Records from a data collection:
==================================================

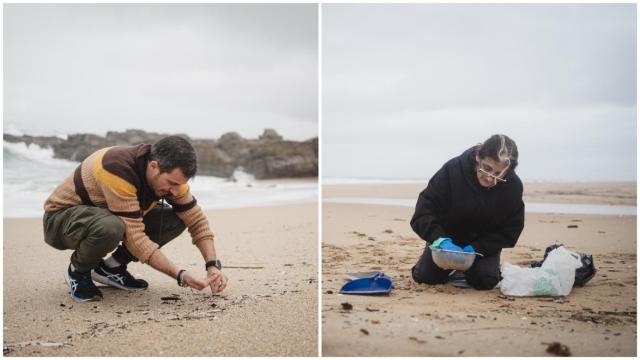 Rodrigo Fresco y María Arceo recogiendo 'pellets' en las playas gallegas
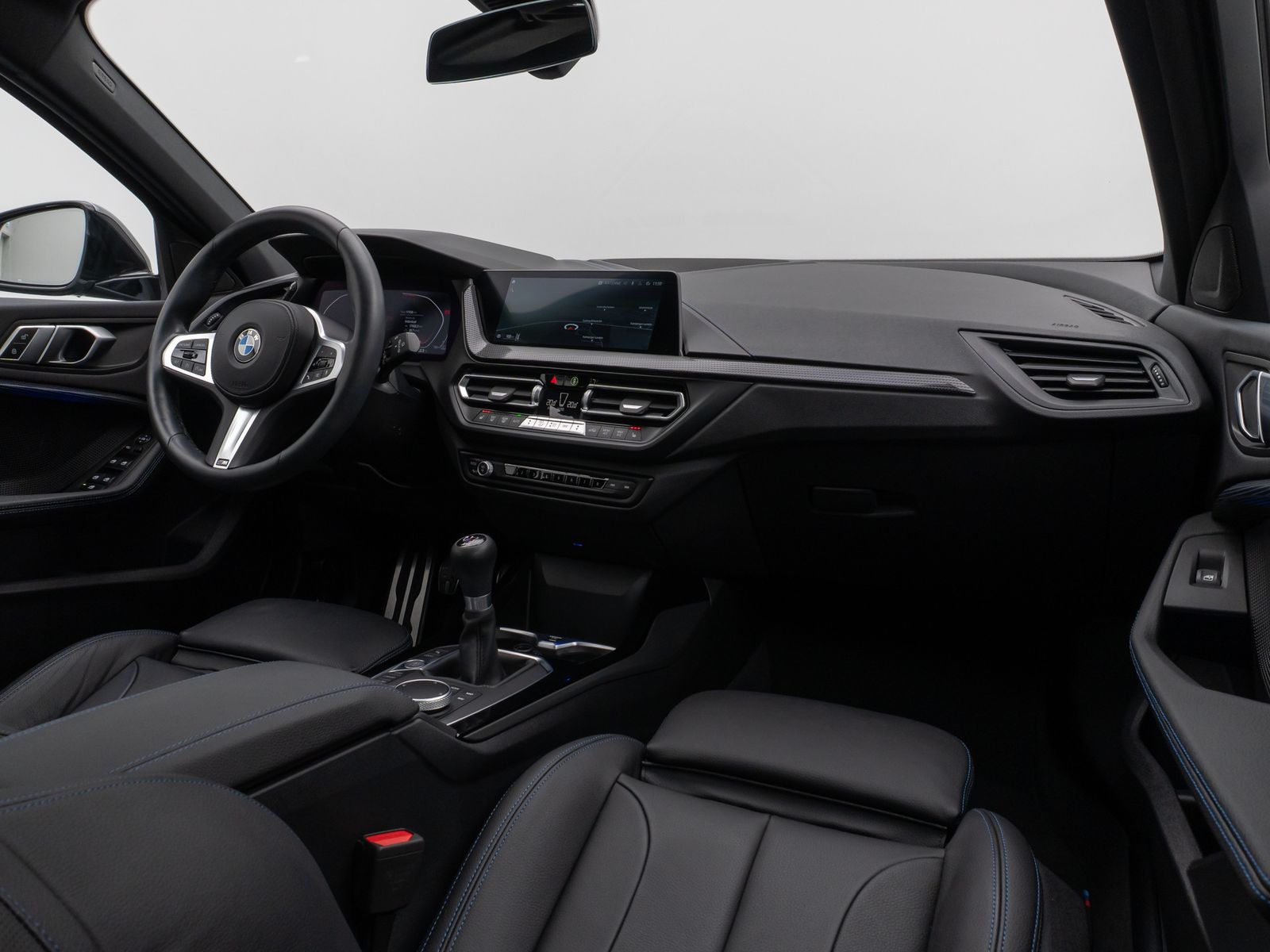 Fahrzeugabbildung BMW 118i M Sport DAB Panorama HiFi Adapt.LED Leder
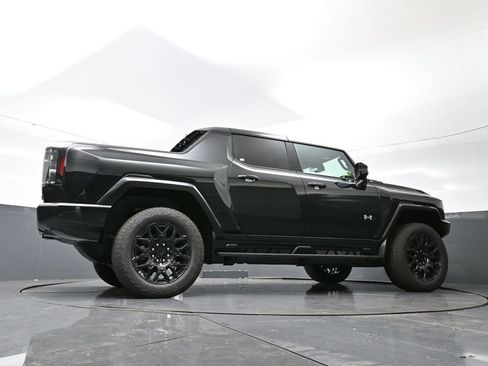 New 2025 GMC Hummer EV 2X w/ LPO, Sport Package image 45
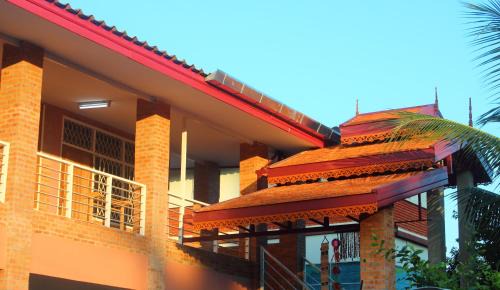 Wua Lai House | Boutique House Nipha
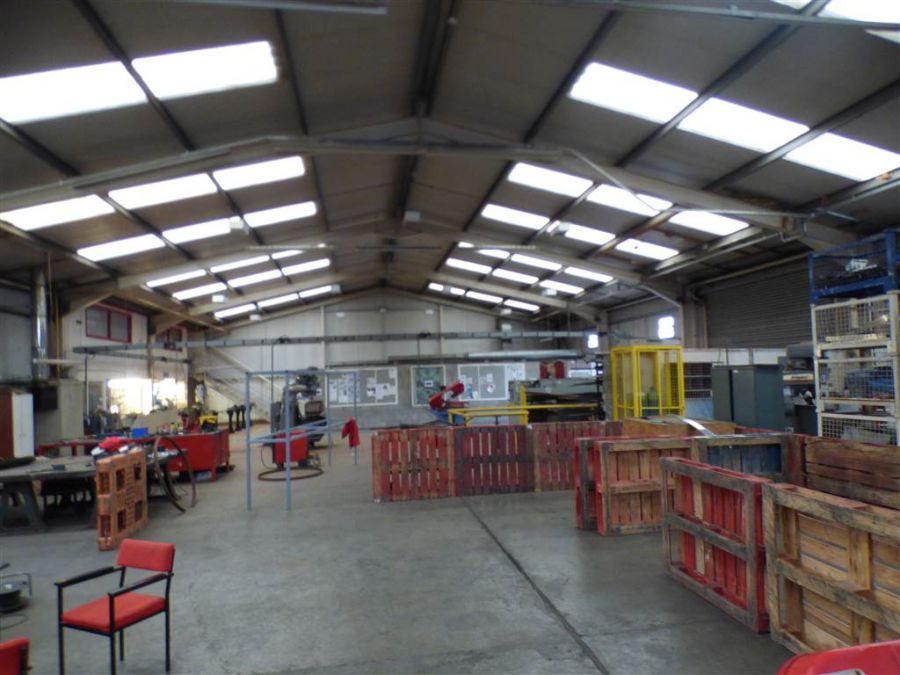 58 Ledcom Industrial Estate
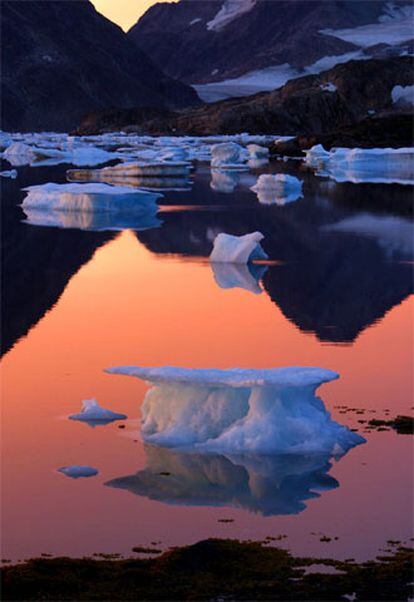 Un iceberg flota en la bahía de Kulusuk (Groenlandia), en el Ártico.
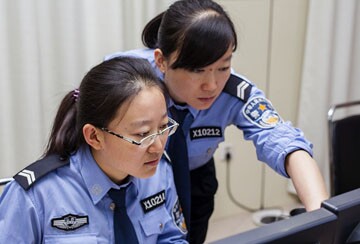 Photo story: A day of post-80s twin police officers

==================================================

**Task requirements**
Without including any pictures, copy every line above exactly.

**Answer section**
 Rodrigo Fresco y María Arceo recogiendo 'pellets' en las playas gallegas
 Fahrzeugabbildung BMW 118i M Sport DAB Panorama HiFi Adapt.LED Leder
 New 2025 GMC Hummer EV 2X w/ LPO, Sport Package image 45
 Wua Lai House | Boutique House Nipha
 58 Ledcom Industrial Estate
 Un iceberg flota en la bahía de Kulusuk (Groenlandia), en el Ártico.
 Photo story: A day of post-80s twin police officers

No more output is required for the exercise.